JOHNSON CITY, Tenn. (WJHL) — Despite one of them describing the national nonprofit hospital system outlook as “deteriorating” last August, all three credit rating agencies have affirmed Ballad Health’s “A” rating.

The ratings are one indicator of financial stability, and better ratings make for more favorable lending terms. Ballad recently refinanced some of its debt and got permission to add $53 million of new debt for capital improvements at its hospitals.

A Ballad news release Wednesday said Fitch, Standard & Poor’s and Moody’s all affirmed the ratings. It cited a Standard & Poor’s report from January that twice as many health systems are being downgraded as are receiving upgrades.

Fitch and S&P both referenced the management team’s experience and Fitch noted the 2018 merger of Wellmont Health System and Mountain States Health Alliance to create Ballad “continues to mature and has resulted in a more streamlined approach to health care delivery in the service area, various cost efficiencies and improvements in quality.”
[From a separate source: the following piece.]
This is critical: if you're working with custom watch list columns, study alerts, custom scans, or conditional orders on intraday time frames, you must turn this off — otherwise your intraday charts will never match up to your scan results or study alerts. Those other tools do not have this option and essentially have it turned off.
S&P pointed to management “making some difficult decisions around the need to consolidate services across the system, and to improve quality and performance, while maintaining access across the region.”
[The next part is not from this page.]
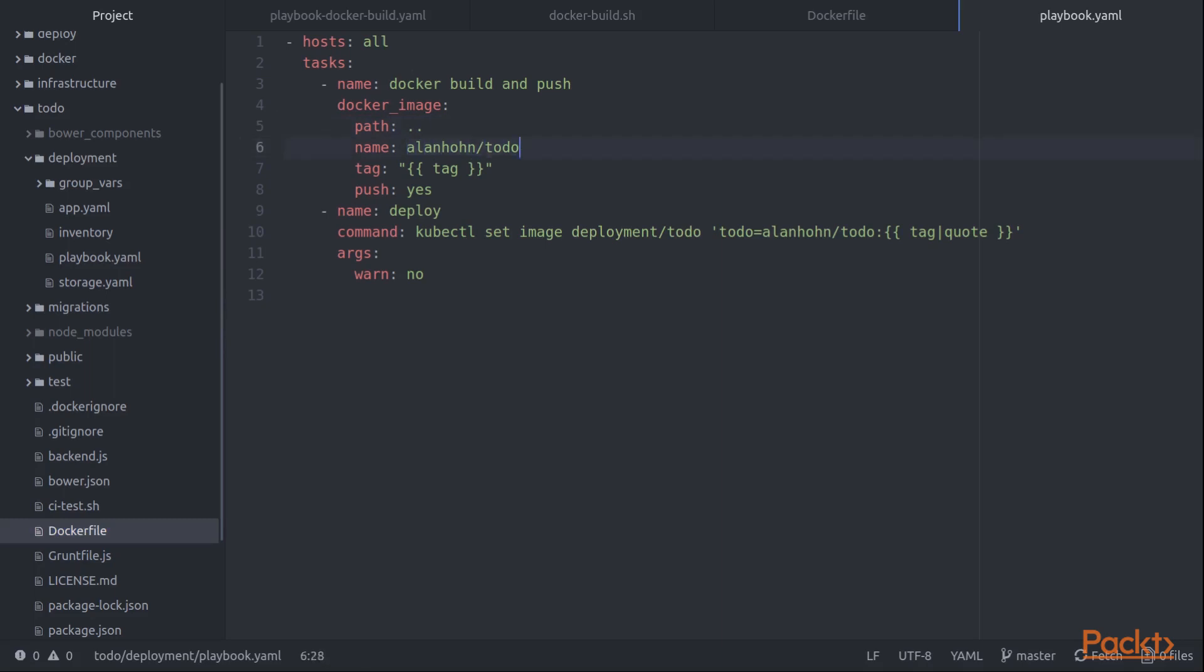And one really nice thing about doing this in Ansible, even though we're just using Ansible to run Docker build, is that we can use a variable to identify things like the name, the specific tag, all of that kind of information. We can leverage our Ansible variables in order to do this.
All three reports mentioned ongoing challenges for not-for-profit hospitals that have been hit nationwide with staffing shortages, supply cost inflation and quick wage growth.

“Ballad Health has remained focused on delivering high-quality care, reducing the cost of healthcare and being good stewards of our resources,” CEO Alan Levine said in the release.

“We are pleased all three agencies have cited our improved quality and lower cost of care, because it demonstrates our strategy of reducing unnecessary duplication, investing in needed services and using our scale and resources to expand access can work.”